=== Task details ===
Copy the entries below word for word, minus the pictures.

+ + + +

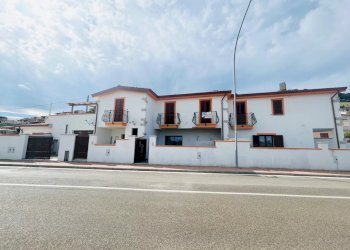 Villa a Schiera Posada - foto 2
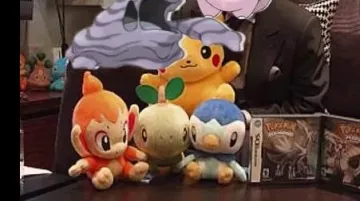 Juguete de peluche Tortipouss visto en linksthesun Point Culture video sobre Pokémon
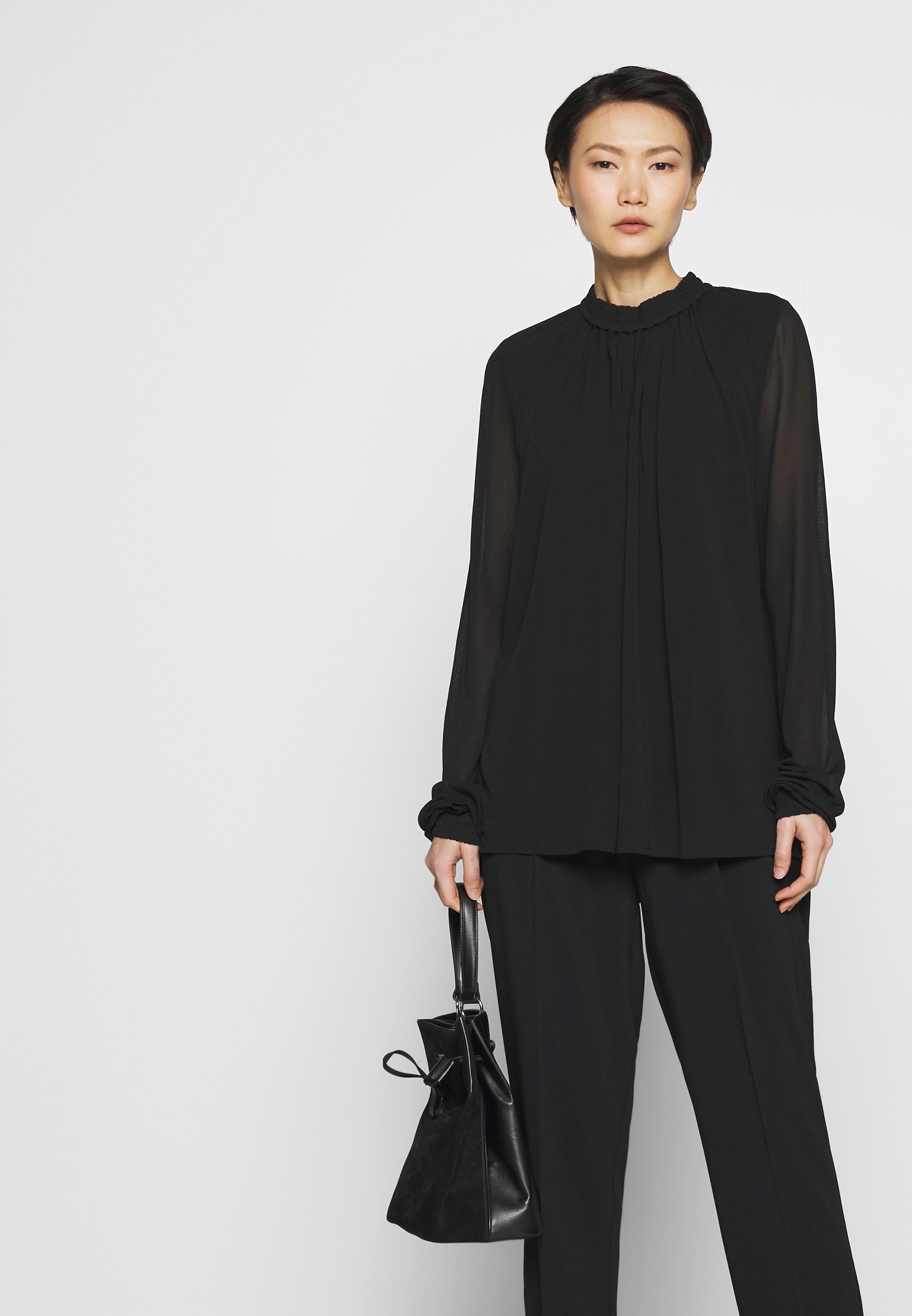 By Malene Birger VINEUIL Bluser black Zalando.no Gray Skjorte | By Malene Birger | Skjorter & bluser | Miinto.no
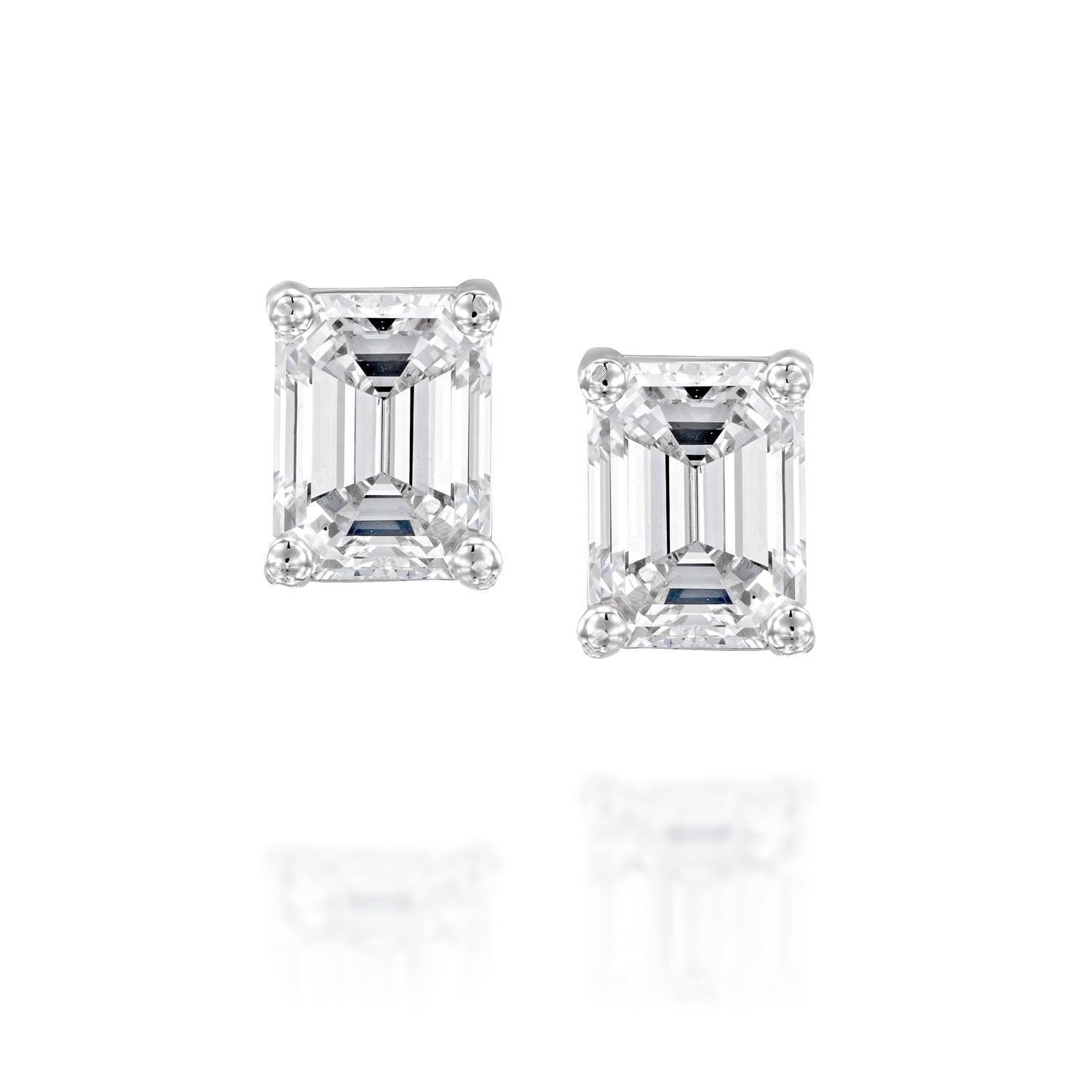 עגילי יהלומי מעבדה בצורת אמרלדים זהב לבן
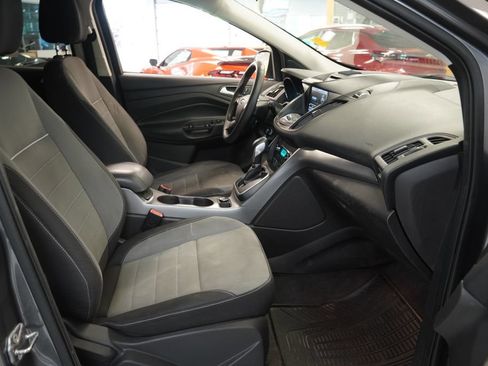 Used 2013 Ford Escape SE FWD image 33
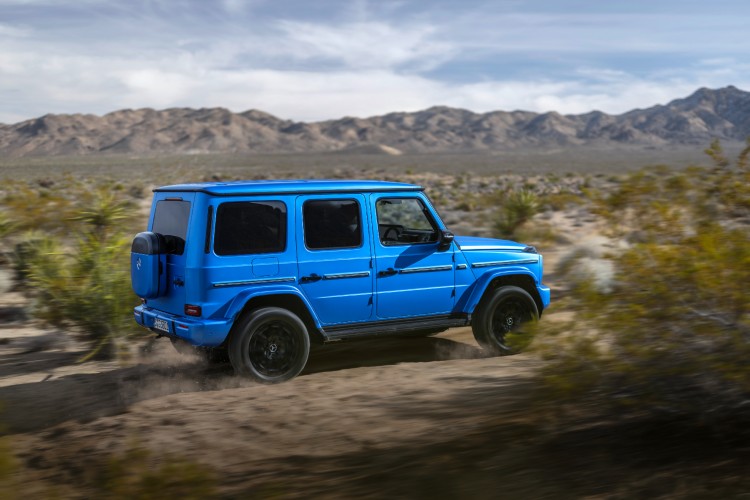 mercedes-benz-g-580-7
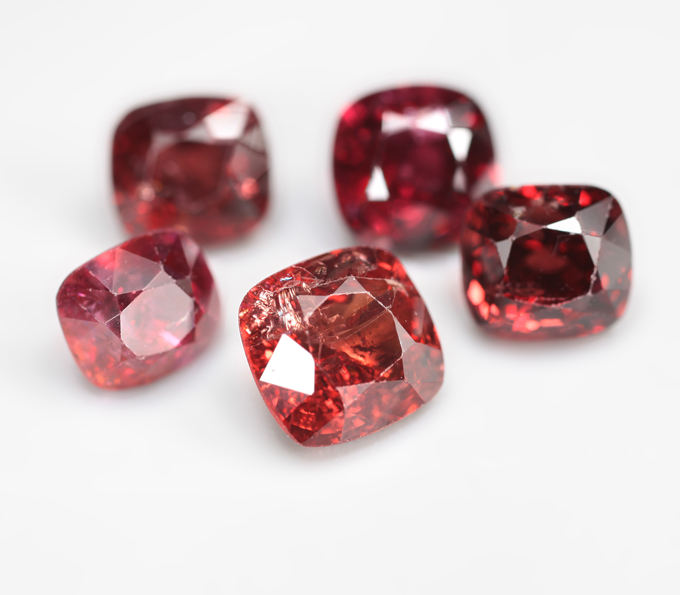 Крупный набор из 5 шпинелей 7,55 карата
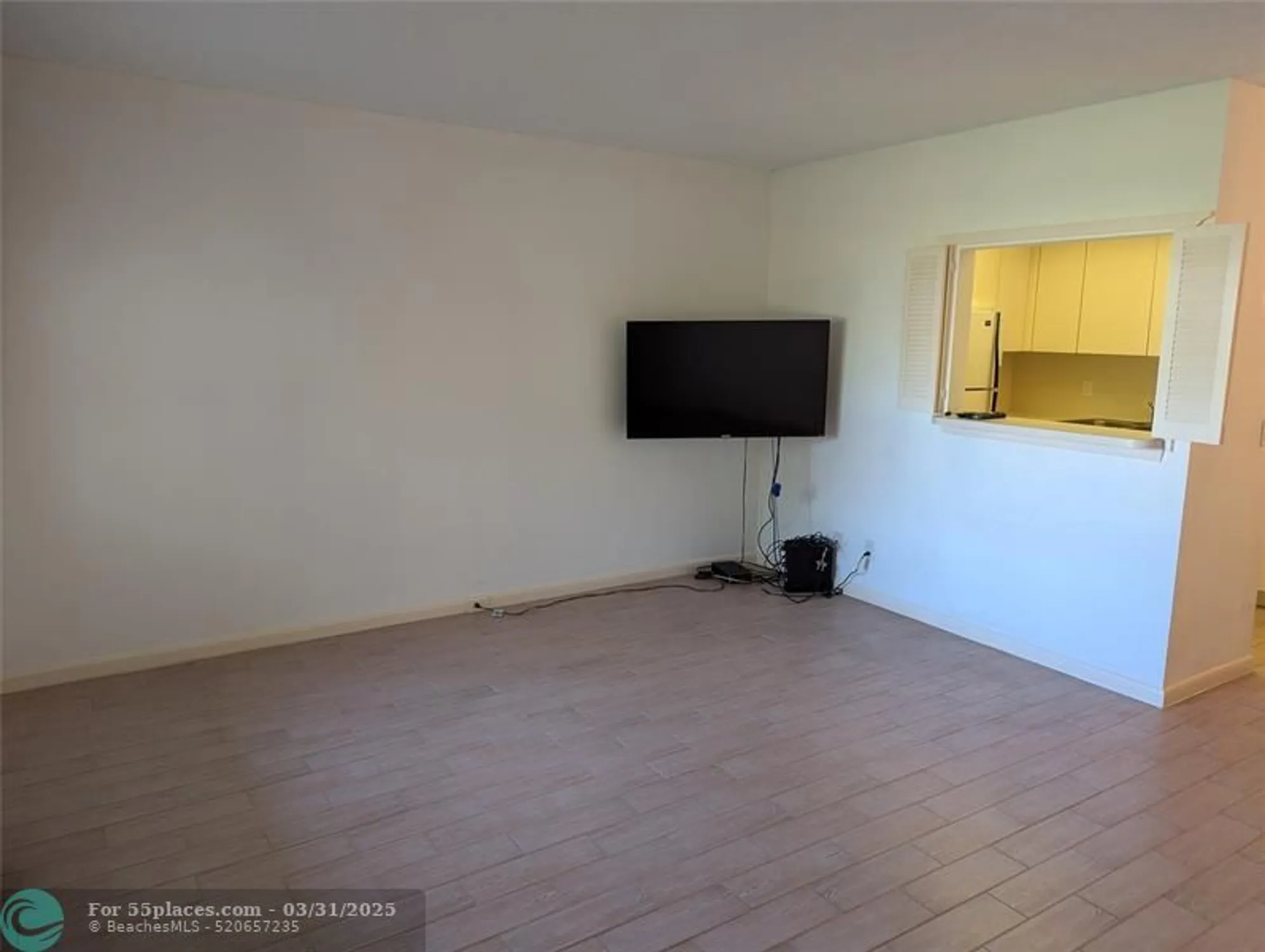 Property Slideshow image 5 of 32 | 190 oakridge m # 190, Deerfield Beach, FL, 33442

+ + + +

=== Answer space ===
 Villa a Schiera Posada - foto 2
 Juguete de peluche Tortipouss visto en linksthesun Point Culture video sobre Pokémon
 By Malene Birger VINEUIL Bluser black Zalando.no Gray Skjorte | By Malene Birger | Skjorter & bluser | Miinto.no
 עגילי יהלומי מעבדה בצורת אמרלדים זהב לבן
 Used 2013 Ford Escape SE FWD image 33
 mercedes-benz-g-580-7
 Крупный набор из 5 шпинелей 7,55 карата
 Property Slideshow image 5 of 32 | 190 oakridge m # 190, Deerfield Beach, FL, 33442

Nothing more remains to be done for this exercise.